PROCEDURAL ISSUES IN RELATION TO CLAIM

 

1. I object to the claimants’ particulars of claim, in so far as they breach my convention rights under the human rights act 1998 sixth protocol that I should have a fair and speedy trial, since

 

2.1 The claimant expressly states that they have brought an action against me while reserving the right to take further legal action against me on the basis of the same facts for monies allegedly owing at the time their particulars of claim were filed and,

 

2.2 the claimant implies that they intend to take numerous and vexatious actions against me in the future, in contravention of the overriding objective, and on the basis of the same facts for further monies allegedly owing at the time their particulars of claim were filed subjecting me to substantial undue expense, inconvenience and depriving me of my right to a speedy trial.

 

 

2.3 By retaining the right to launch multiple actions in respect of the same cause of action, the claimant is attempting to breach s35 of the County Courts Act 1984, which states

 

It shall not be lawful for any plaintiff to divide any cause of action for the purpose of bringing two or more actions in one or more of the county courts.”

 

2.4 The claimant failed to abide by the pre-action protocols of the civil procedure rules, in so far as they failed to serve on me a properly formatted notice of legal action. The claimant failed to specify adequate details to investigate their claims, or to attach all documents upon which they found their claims.

 

3. I further object to the claimants’ particulars of claims, in so far as they disclose no legal cause of action and they are embarrassing to the defendant as the claimant's statement of case is insufficiently particularised and does not comply or even attempt to comply with CPR part 16. In this regard I wish to draw the courts attention to the following matters;

 

3.1 The Particulars of Claim are vague and insufficient and do not disclose an adequate statement of facts relating to or proceeding the alleged cause of action. No particulars are offered in relation to the nature of the written agreement referred to, , the method the claimant calculated any outstanding sums due, or any default notices issued or any other matters necessary to substantiate the claimant’s claim.

 

3.2 A copy of the purported written agreement that the claimant cites in the Particulars of Claim, and which appears to form the basis upon which these proceedings have been brought, has not been served attached to the claim form or prior to issue of the claim form as required by the Pre-Action Protocols.

 

3.3 A copy of any evidence of both the scope and nature of any default, and proof of any amount outstanding on the alleged accounts, has not been servedattached to the claim form or prior to the issue of the claim form as required by the Pre-Action Protocols.

 

Unlawful Charges

 

4. It is my belief that during the period in which the Account was operated the claimant and/or original creditor debited numerous charges to the Account in respect of purported breaches of contract on the part of the Claimant and also charged interest on the charges once applied.

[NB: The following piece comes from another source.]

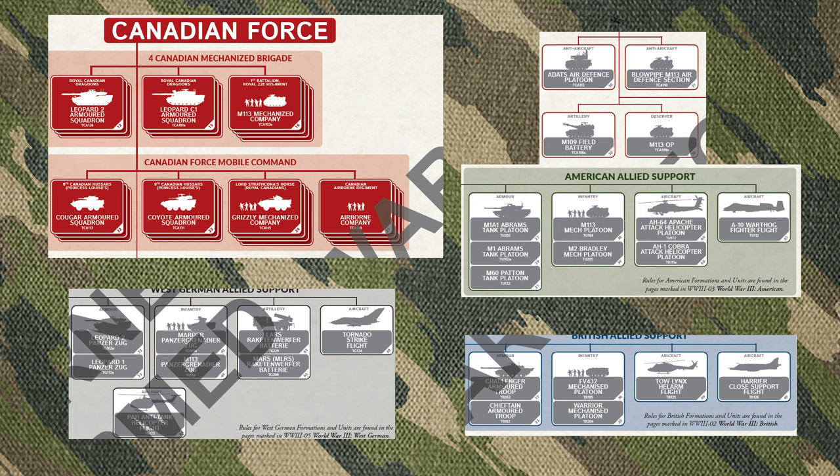Starting off with their basic formations from Free Nations - the Leopard and Mechanised formations - they now get an additional five new formations, which is quite a hefty boost. They also get a new Allied support option in the form of the Brits. With those support options from other nations, they do get upgrades as well. No longer do you just miss out on things like Apache and M1A1s for U.S. support, and you get British support with access to the TOE Lynx, Harriers, Infantry and Tank support.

The defendant understands that the claimant contends that the charges were debited in accordance with the terms of the contract between itself and the Claimant.

 

5. The defendant contends that:

 

5.1 The charges debited to the Account are punitive in nature; are not a genuine pre-estimate of cost incurred by the claimant; exceed any alleged actual loss to the claimant in respect of any breaches of contract on the part of the defendant; and are not intended to represent or related to any alleged actual loss, but instead unduly enrich the Claimant which exercises the contractual term in respect of such charges with a view to profit.

 

5.2 The contractual provision that permits the Claimant to levy such charges is unenforceable by virtue of the Unfair Terms in Consumer Contracts Regulations (1999) and the common law.

 

5.3 Accordingly I put the Claimant to strict proof that every charge and collection charge made to the account was valid and lawful.

 

6. I put the claimant to strict proof that any default notice sent to me was valid. I note that to be valid, a default notice needs to be accurate in terms of both the scope and nature of breach. If the claimant sent a default notice that includes unlawful penalty charges, or fees unlawfully debited in respect of the account, any default notice is invalid under English law for the reason that it is inaccurate and so the claimant may not seek to enforce this debt according to s89(1) of the consumer credit act 1974.

 

Failure to provide a copy of the executed agreement on request

 

7. On DATE, I sent by recorded delivery a request under the consumer credit act 1974 for a copy of the credit agreement, which the claimant replied to with a document which the Claimant has stated is the credit agreements in respect of the debt, a claim to which they are bound by virtue of s172 of the consumer credit act 1974. The claimant has failed to provide a copy of this within the 12 days prescribed by parliament. As a consequence, the agreement is rendered unenforceable via s77-79 until such time as the Claimant rectifies this default

 

 

Failure to serve a default notice

 

8. I put the claimant to strict proof that a default notice has been served which is accurate, and conforms to law.

 

9. I will refer in this section to the Consumer Credit (Enforcement, Default and Termination Notices) Regulations 1983 1983 No 1561 as amended (“Default Regulations”)

 

22. Reg (2) of the Default Regulations states the requirement of a default notice

 

 

(2) Any notice to be given by a creditor or owner in relation to a regulated agreement to a debtor or hirer under section

 

87(1) of the Act (which relates to the necessity to serve a default notice on the debtor or hirer in accordance with section

 

88 before taking certain action by reason of any breach of the agreement by the debtor or hirer) shall contain--

 

(a) a statement that the notice is a default notice served under section 87(1) of the Consumer Credit Act 1974;

 

(b) the information set out in paragraphs 1 to 3, 6 and 8 of Schedule 2 to these Regulations; and

 

© statements in the form specified in paragraphs 4, 5, 7 and 9 to 11 of that Schedule.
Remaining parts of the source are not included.